Rock-level spectral ordinates are amplified to the target site Vs30 using
the Seyhan & Stewart (2014) nonlinear site-factor model (ST17).

- **Mode A** (mean-only input): rock Sa is deterministic; dispersion comes
  from ST17 sigma alone.
- **Mode B** (quantile input): Sa is sampled jointly across periods via
  Gaussian copula; dispersion reflects combined hazard and site-factor
  uncertainty.

See `?fitSaF` for the function-level interface.

### Stage 2 — Displacement curve (`fitDnCurve`)
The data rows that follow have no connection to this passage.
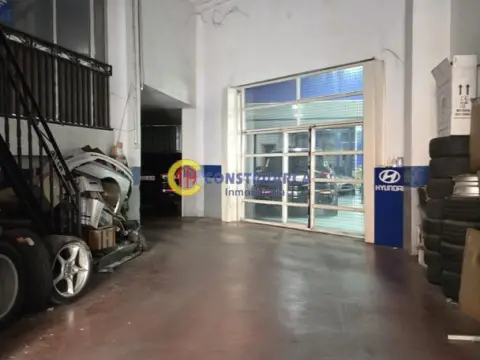 Nave comercial en Centro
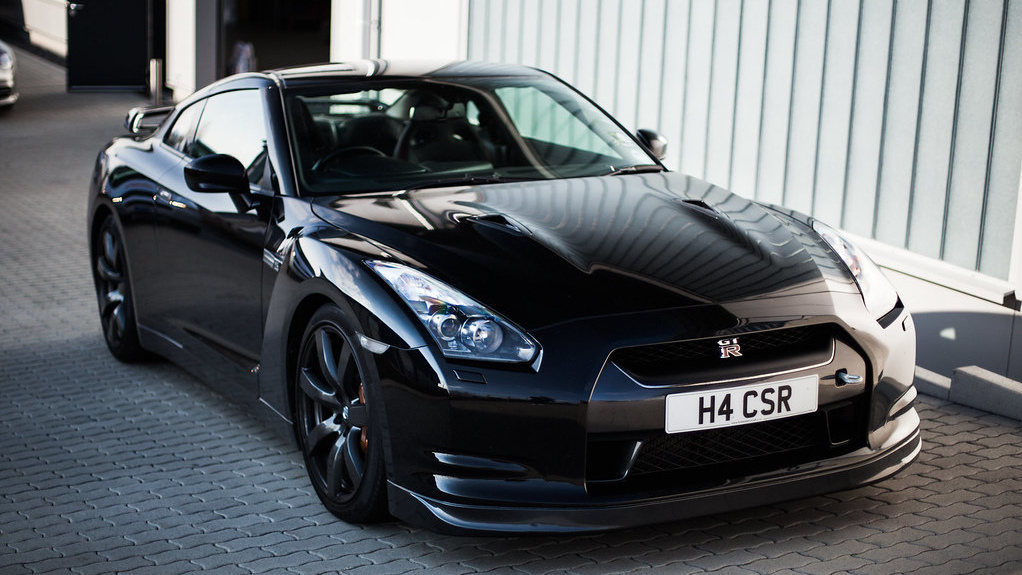 Nissan GTR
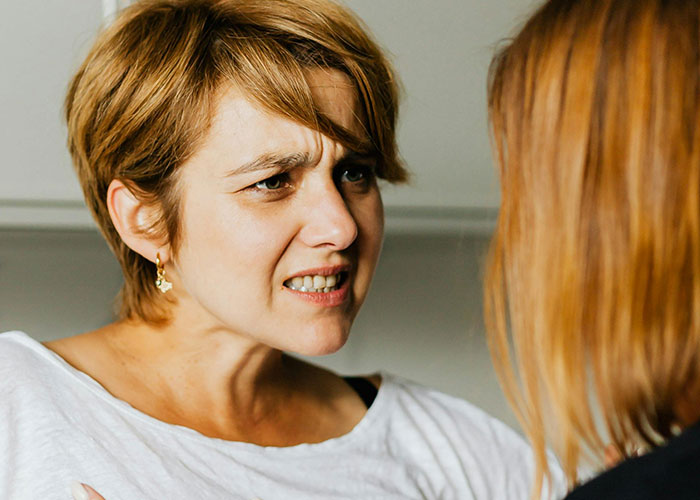 Teen Makes Sure Stepmom Is Miserable On Her Wedding Day For Trying To Erase Late Mom&rsquo;s Memory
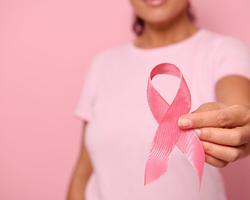 Prevenção: 6 alimentos essenciais para consumir contra o câncer de mama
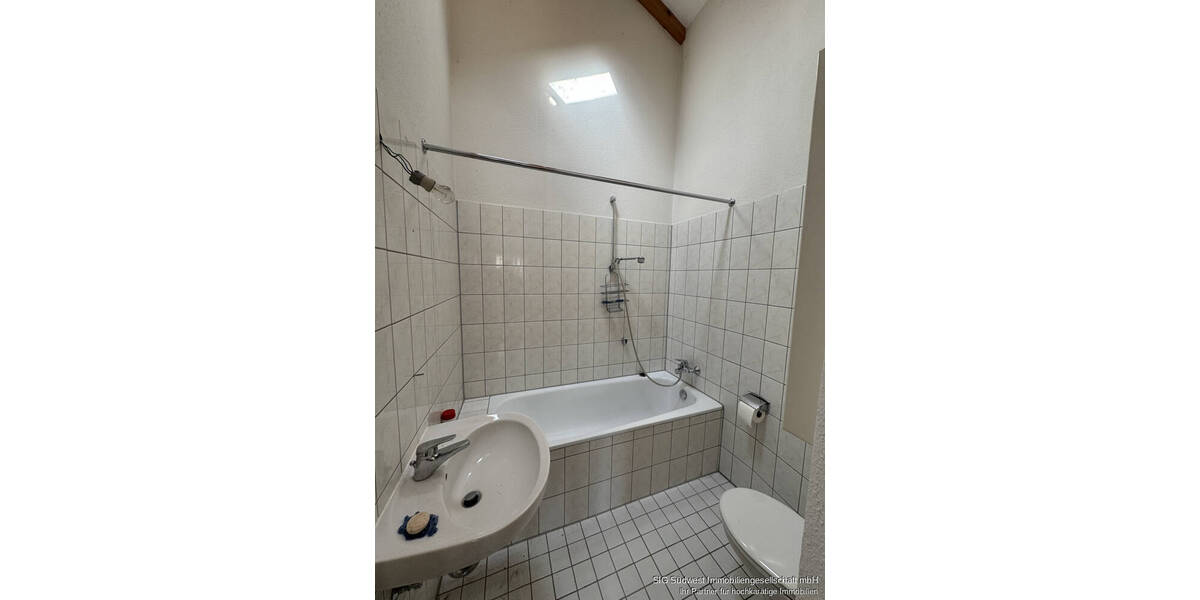 Charmante Dachgeschoßwohnung mit Terrasse und Tiefgaragenstellplatz + Keller am Wildpark Pforzheim 3 zimmer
For each Monte Carlo realisation, one ground-motion scenario is drawn
(a consistent tuple of PGA, Sa(1.3Ts), Sa(1.5Ts)) and passed through all
active displacement models simultaneously using a shared aleatory residual.
The result is a family of coherent displacement curves *D*_N(*k*_y).

### Stage 3 — Coefficient inversion (`invertDnDraws`)
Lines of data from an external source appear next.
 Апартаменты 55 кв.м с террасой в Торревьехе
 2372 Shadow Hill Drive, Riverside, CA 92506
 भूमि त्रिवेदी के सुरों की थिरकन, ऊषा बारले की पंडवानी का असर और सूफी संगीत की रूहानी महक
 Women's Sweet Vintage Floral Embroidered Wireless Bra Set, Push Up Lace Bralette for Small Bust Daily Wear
Each curve is projected monotone and inverted in log-log space to find
the yield acceleration *k*_max such that *D*_N(*k*_max) = *d*\*. Mean and
quantiles of *k*_max over all realisations constitute the output.

---

## Displacement models

| ID | Authors | Type | Spectral reference |
|---|---|---|---|
| AM88 | Ambraseys & Menu (1988) | rigid block | PGA |
| JB07 | Jibson (2007) | rigid block | PGA, Arias intensity |
| SR08 | Saygili & Rathje (2008) | rigid block | PGA, Arias intensity |
| BT07 | Bray & Travasarou (2007) | flexible block | Sa(1.5 Ts) |
| BM17 | Bray, Macedo & Travasarou (2018) | flexible block, subduction | Sa(1.5 Ts) |
| BM19 | Bray & Macedo (2019, corr. 2023) | flexible block, crustal | Sa(1.3 Ts) |

Activate/deactivate models via the `weights` argument (0 = inactive).
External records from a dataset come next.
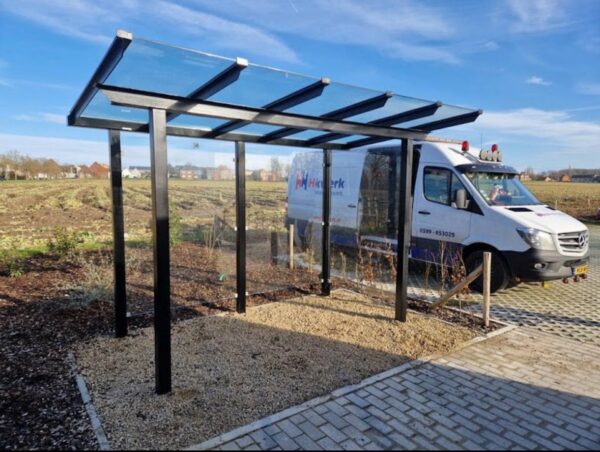 Lengte 3 meter. Dankzij de combinatie van verzinkt staal en gelamineerd veiligheidsglas biedt fietsoverkapping City niet alleen stevigheid, maar ook een luxueuze en open uitstraling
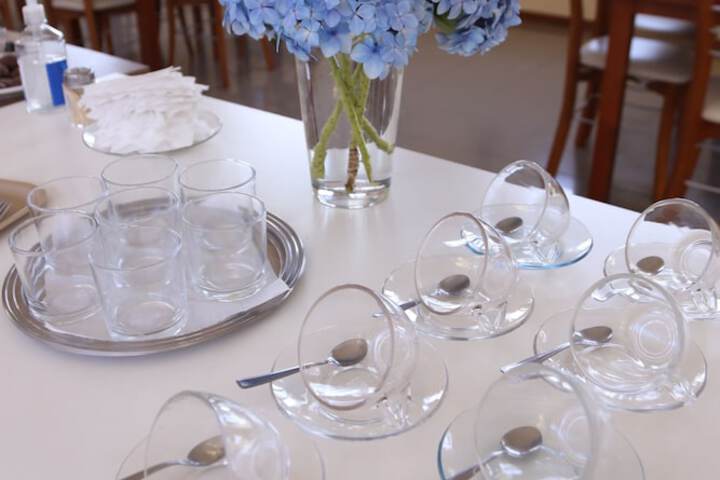 Breakfast/Coffee Service 66 of 108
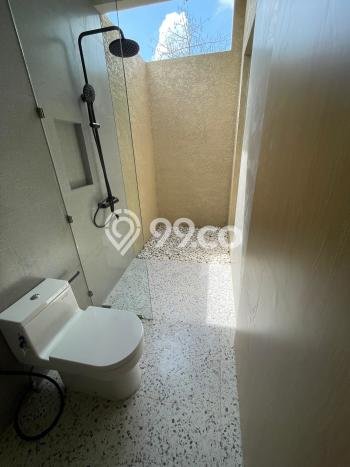 Vila Strategis Kawasan , Ukuran 218m2m², Lokasi Premium dengan jalan bagus Vila Strategis Kawasan , Ukuran 218m2m², Lokasi Premium dengan jalan bagus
For BM19, near-fault pulse motions are flagged when PGV > 115 cm s⁻¹
and the equation switches to the Bray-Macedo (2023) D100 / D50 form
controlled by the `NFC` argument (`"D100"` is the maximum-component
default, conservative for slopes within ±45° of fault-normal;
`"D50"` is the median-component case for other orientations). A
sub-regime split at PGV = 150 cm s⁻¹ inside the pulse equation
captures the saturation of seismic displacement at very high PGV.

---

## Key assumptions

- Shared aleatory residual across models per realisation: a single
  *z*^(*n*) ∼ 𝒩(0,1) is drawn and applied to all six models scaled
  by each model's own σ_lnD. This corresponds to ρ = 1
  cross-model residual correlation. Independent residuals per model
  (ρ = 0) underestimates the joint ensemble variability;
  intermediate cross-model correlations are an open refinement
  direction.
- Independent site-factor and Sa uncertainty within each realisation.
- Log-log linear inversion with boundary extrapolation. Per-model
  calibration ranges (`getKyLimits()`) are reported as a diagnostic
  but not enforced as a clamp inside `invertDnDraws()`.

## Operational defaults

- Monte Carlo sample size *N*_S: routine practice is
  *N*_S ∈ \[10³, 10⁴\]. Convergence diagnostics (band-width
  stability under *N*_S × 2) accompany each application.
- *k*_y grid points: *N*_k = 30, log-spaced over
  \[0.01, max(PGA, 0.80)\] g (default of `getDnKy()`).
- Reported quantiles: mean plus *p* ∈ {0.16, 0.50, 0.84}.
  Extreme-tail reporting (*p* ∈ {0.05, 0.95}) is requested
  explicitly via the `p` argument to `invertDnDraws()`.

---

## References

- Baker & Jayaram (2008). *Earthquake Spectra* 24(1):299–317.
- Bray & Travasarou (2007). *J. Geotech. Geoenviron. Eng.* 133(4):381–392.
- Bray, Macedo & Travasarou (2018). *J. Geotech. Geoenviron. Eng.* 144(3):04017124.
- Bray & Macedo (2019, corr. 2023). *J. Geotech. Geoenviron. Eng.* 145(12); *Soil Dyn. Earthq. Eng.* 168:107835.
- Jibson (2007). *Engineering Geology* 91(2–4):209–218.
- Saygili & Rathje (2008). *J. Geotech. Geoenviron. Eng.* 134(6):790–803.
- Seyhan & Stewart (2014). *Earthquake Spectra* 30(3):1241–1256.